A student project creates wanderlust for an imaginary destination.

On the gusty day before winter’s first snow, New York commuters could be forgiven for dreaming of vacations to warmer climes. If they happened to pick up one of 400 travel brochures distributed on the Manhattan-bound F train that morning, these Brooklyn residents might have been tempted by a destination boasting average winter temperatures of 84 degrees. They would no doubt have been further intrigued to learn that this island city’s leading industries are winemaking and bookbinding, and that it features a Vegetation Museum, the world’s largest flea market, “Pools of Certitude,” and a natural feature known as the Subterranean Honey Baths.

Sadly for F-train commuters and other lovers of books, wine, and vegetation, the city of New Ephemera does not exist outside the imagination of Amanda Spielman, a 29-year-old graduate design student at MFA Design program at the School of Visual Arts. One of her classes—“Can Design Touch Someone’s Heart?” taught by the graphic designer Stefan Sagmeister—assigned students to touch a community of people using design. While other students created murals and public-service posters, Spielman decided to bring a moment of levity to beleaguered morning commuters and hit on the idea of a spoof travel brochure. “It was one of those projects where everybody was sort of holding their breath,” Sagmeister says. “With [other projects], it was fairly clear that they were going to go over well. The New Ephemera brochure was more risky.”

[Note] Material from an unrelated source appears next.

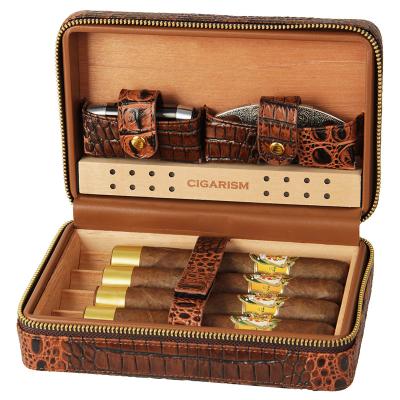 China Crocodile Leather Style CIGARISM Cigar Travel Case Humidor Genuine Leather Lighter Cutter Set 4 Count for sale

The brochure—an aesthetic cross between McSweeney’s and Edward Tufte—evokes a fantasy culture where poetry and bicycle riding are exalted pastimes, and geographic features have names like Sea of Enumeration and Untold Islands. “I wanted it to seem rich and detailed, like a fairy tale too good to be true,” says Spielman, who has worked as a graphic designer for Time Inc. and in art production for Food and Wine and Martha Stewart Living. Her tongue-in-cheek dream city features free ATM machines, a ban on plastic foliage, and an official motto of “people who don’t read can’t be trusted.”


More from Metropolis


Part of the assignment was to show a reaction from the community, “some sort of mechanism built in that allows students to figure out if they touched somebody or not,” Sagmeister explains. So Spielman’s brochure included a phone number for the New Ephemera Visitor’s Bureau. She received about two dozen calls, many from people who thought the “City of Fleeting Fulfillment” was a real place. “I honestly did not think anyone would call, but oh my God, people want to know where it is, they want to know what airlines service the airport,” she says. “The best call was from this woman who said her husband is a big game hunter and he’s looking for the largest moose he can find and does our island offer anything like that?”

“In many senses it was an experiment,” Sagmeister says, “but there were a number of people that cared enough about it to give a response or whose day was ever so slightly improved by it.” That audience includes enthusiasts on the blog hanasiana.com and Sagmeister himself, who gave Spielman an A. But Spielman’s favorite response was as fleeting as New Ephemera itself. On the morning she distributed the brochures, she recalls, “One girl, she must have been seventeen or so, ran after me. She had purple hair and funky glasses and she was like, ‘This is awesome and I want you to know that I appreciate it and I think it’s great!’ And then she just got back on the train and ran back to her seat.”